■ **PROBLEM TO SOLVE**
A word-for-word copy of the lines below, starting at the line with "第13話 - 第31页" and ending at the last one, is what you should give. Omit every picture.

■ **Crawled caption data**
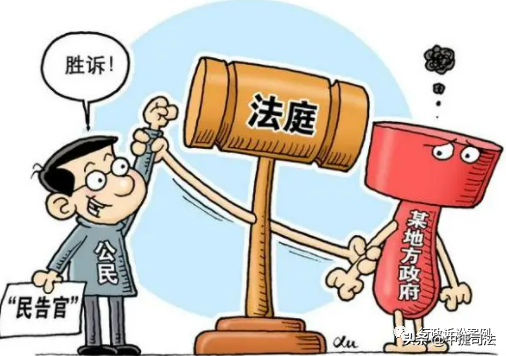 行政行为公定力是什么（行政行为的公定力和确定力）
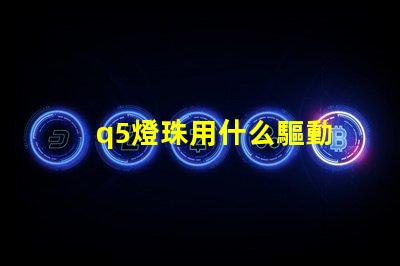 q5燈珠用什么驅動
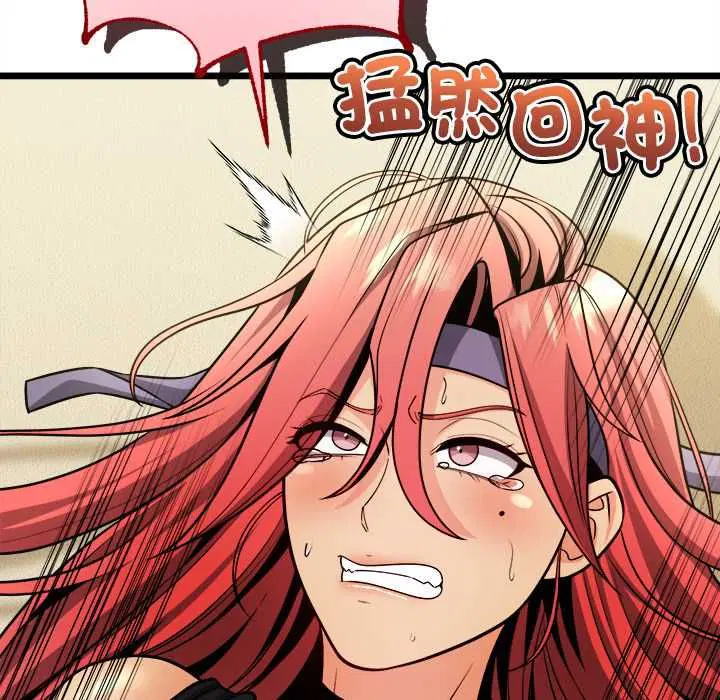 第13話 - 第31页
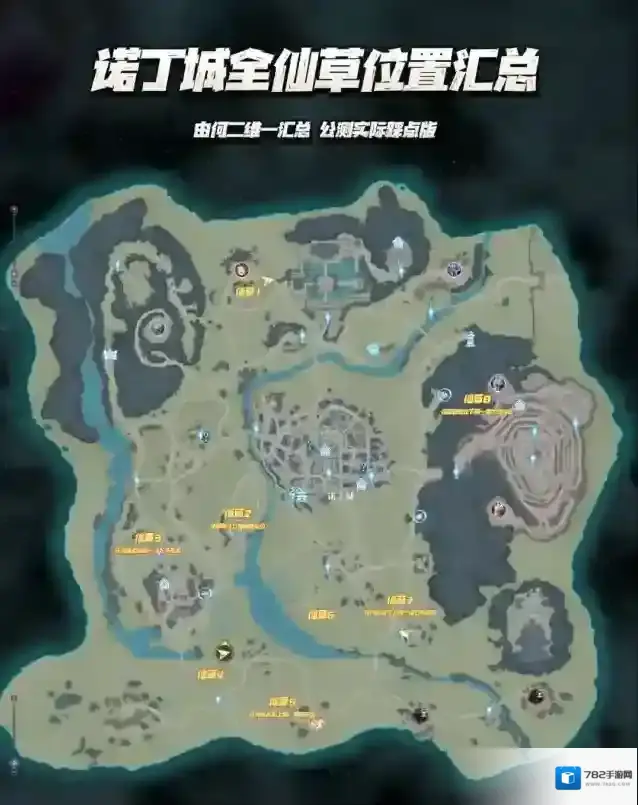 斗罗大陆猎魂世界仙草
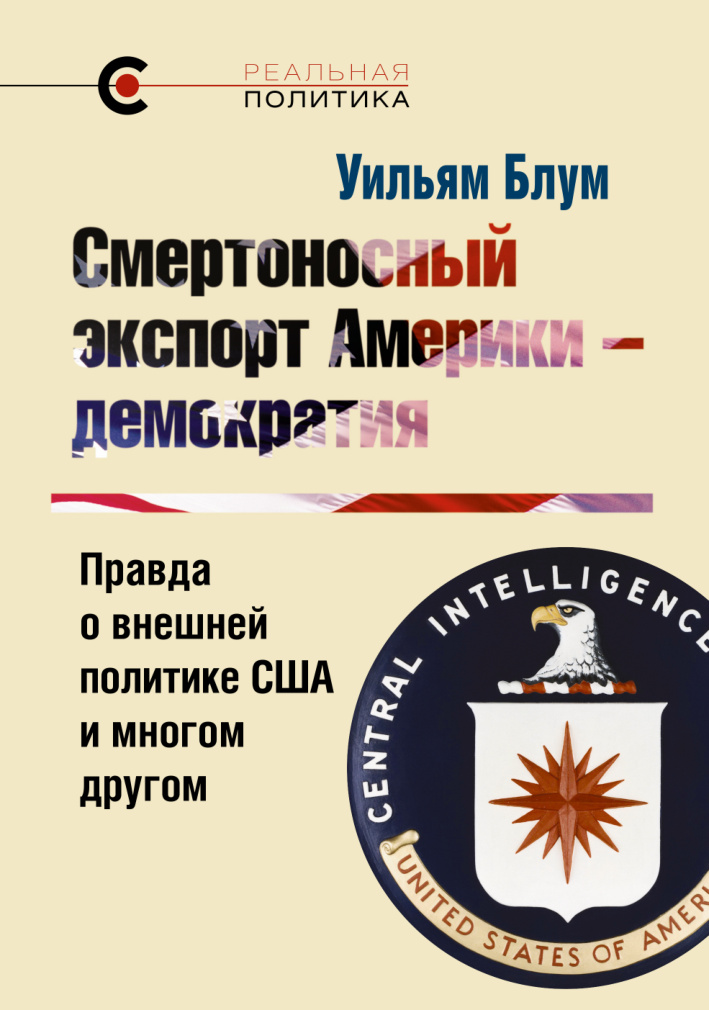 Смертоносный экспорт Америки демократия Russian Edition Уильям Блум Kitap Kapağı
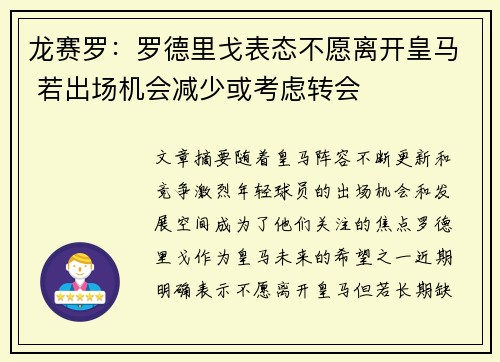 龙赛罗：罗德里戈表态不愿离开皇马 若出场机会减少或考虑转会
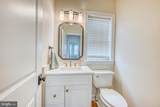 207 2ND Avenue - Photo 8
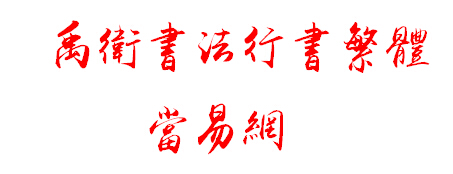 禹卫书法行书繁体字体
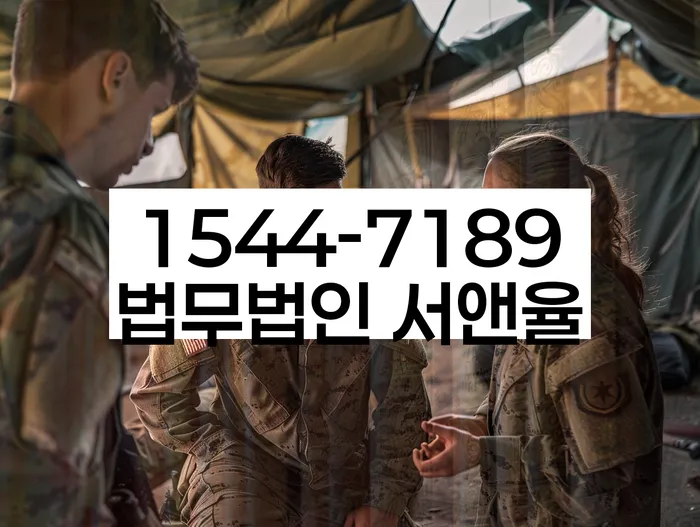 개인회생 변제금 삭감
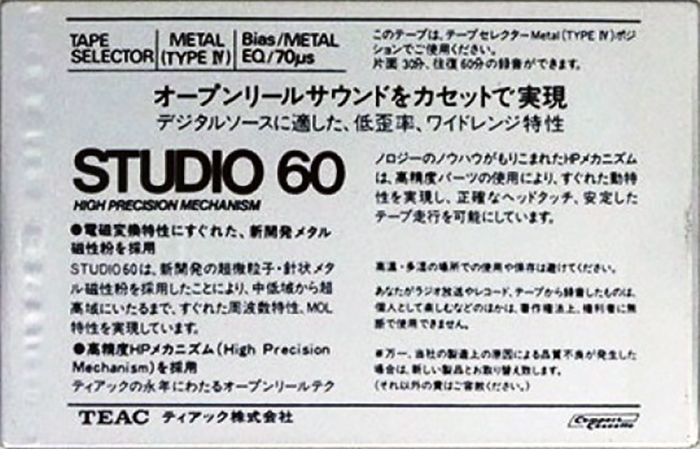 Compact Cassette Teac STUDIO 60 "/60S" Type IV Metal 1984 Japan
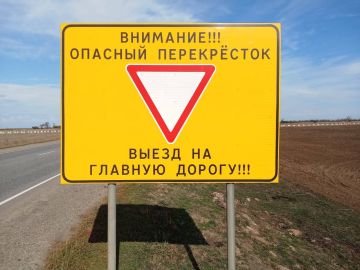 Завершены работы по изменению схемы организации дорожного движения на автомобильной дороги федерального значения Р-280 "Новороссия"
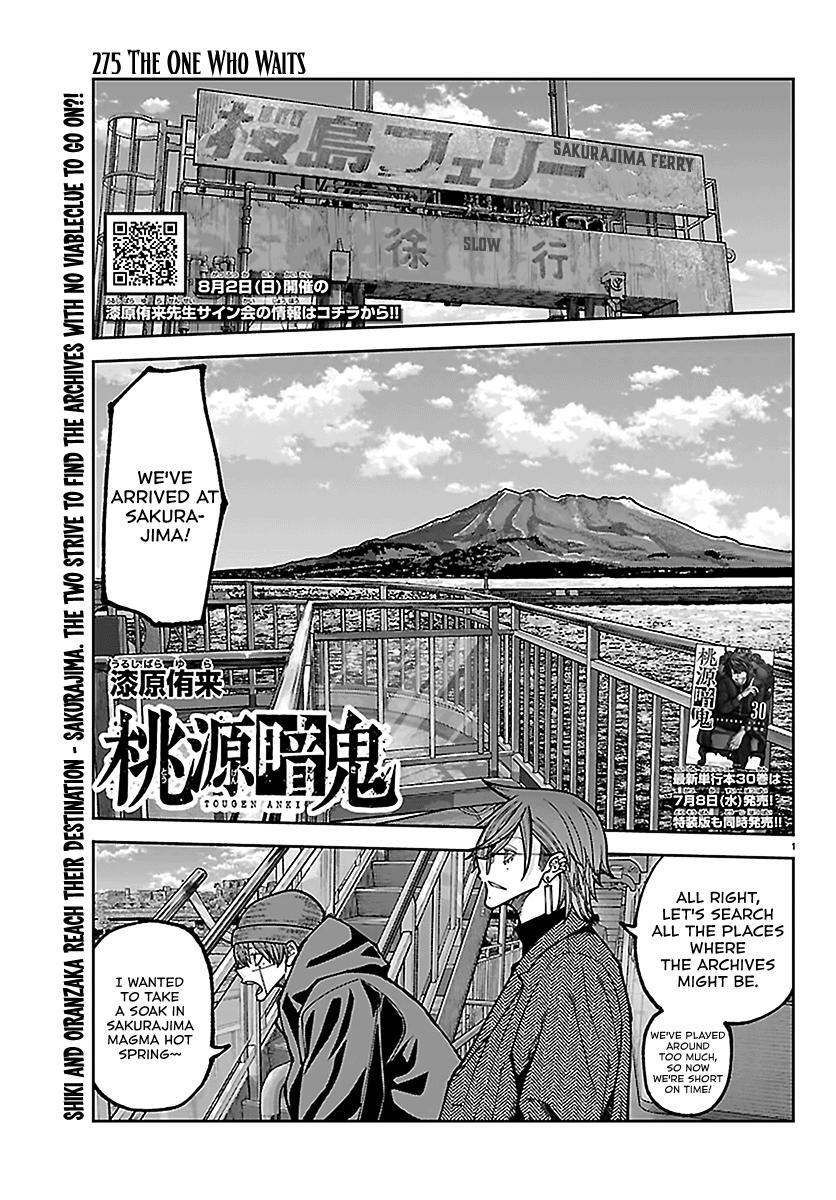 Read Tougen Anki- Legend of the Cursed Blood Manga Online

■ **EXERCISE RESULT**
 第13話 - 第31页
 斗罗大陆猎魂世界仙草
 Смертоносный экспорт Америки демократия Russian Edition Уильям Блум Kitap Kapağı
 龙赛罗：罗德里戈表态不愿离开皇马 若出场机会减少或考虑转会
 207 2ND Avenue - Photo 8
 禹卫书法行书繁体字体
 개인회생 변제금 삭감
 Compact Cassette Teac STUDIO 60 "/60S" Type IV Metal 1984 Japan
 Завершены работы по изменению схемы организации дорожного движения на автомобильной дороги федерального значения Р-280 "Новороссия"
 Read Tougen Anki- Legend of the Cursed Blood Manga Online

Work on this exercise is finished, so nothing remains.